▸ Dataset extract:
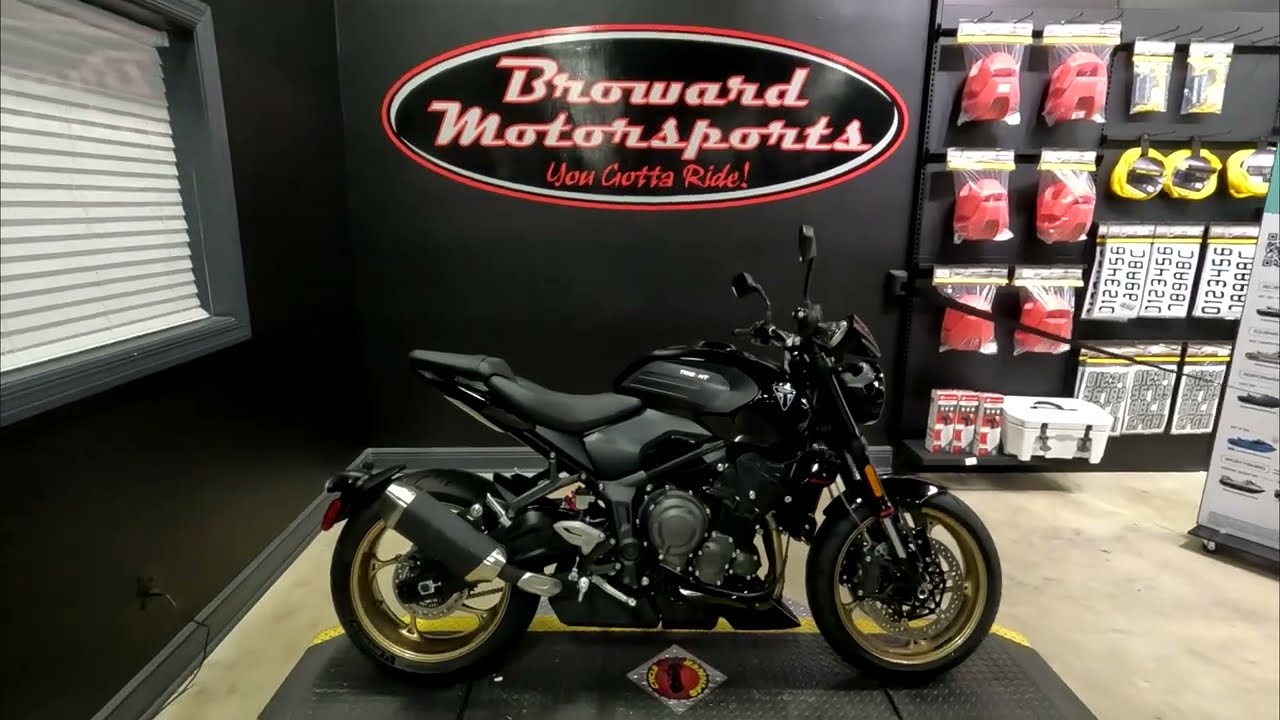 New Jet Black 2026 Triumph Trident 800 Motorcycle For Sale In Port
* * *
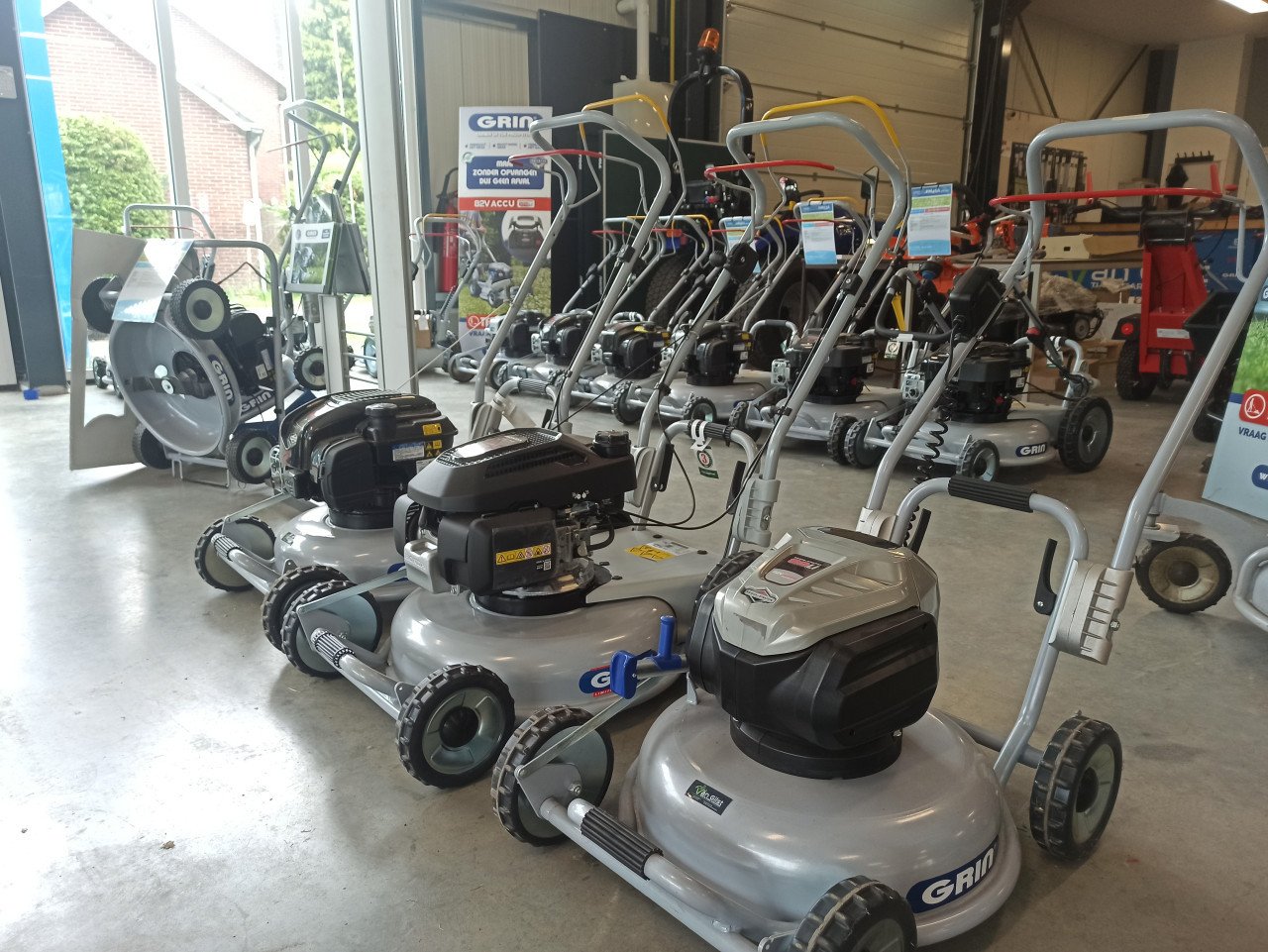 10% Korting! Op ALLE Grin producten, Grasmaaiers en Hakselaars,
* * *
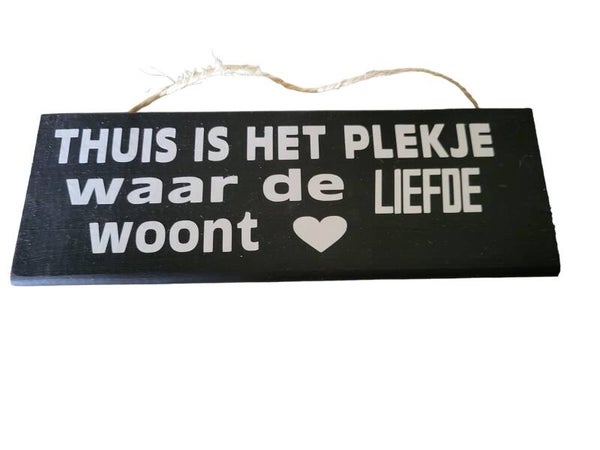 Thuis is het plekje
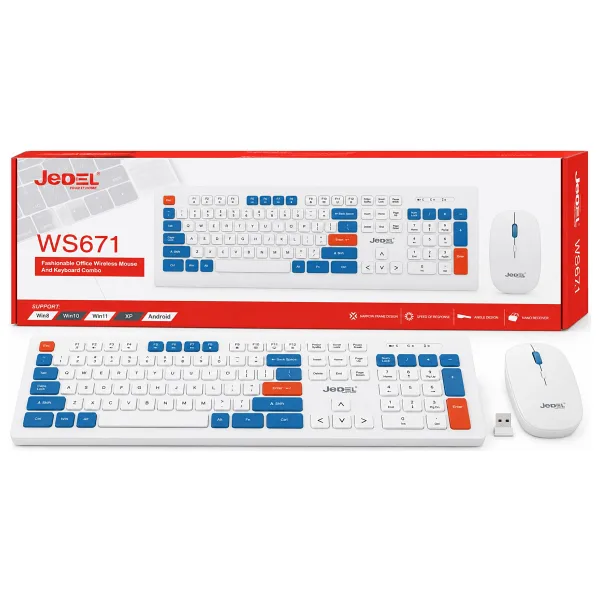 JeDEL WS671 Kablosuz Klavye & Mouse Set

▸ Work instruction: Look back over the records above. Reproduce exactly everything from the line with "Thuis is het plekje" down to the line with "JeDEL WS671 Kablosuz Klavye & Mouse Set", inclusive, and leave the pictures out.

▸ Expected output:
 Thuis is het plekje
 JeDEL WS671 Kablosuz Klavye & Mouse Set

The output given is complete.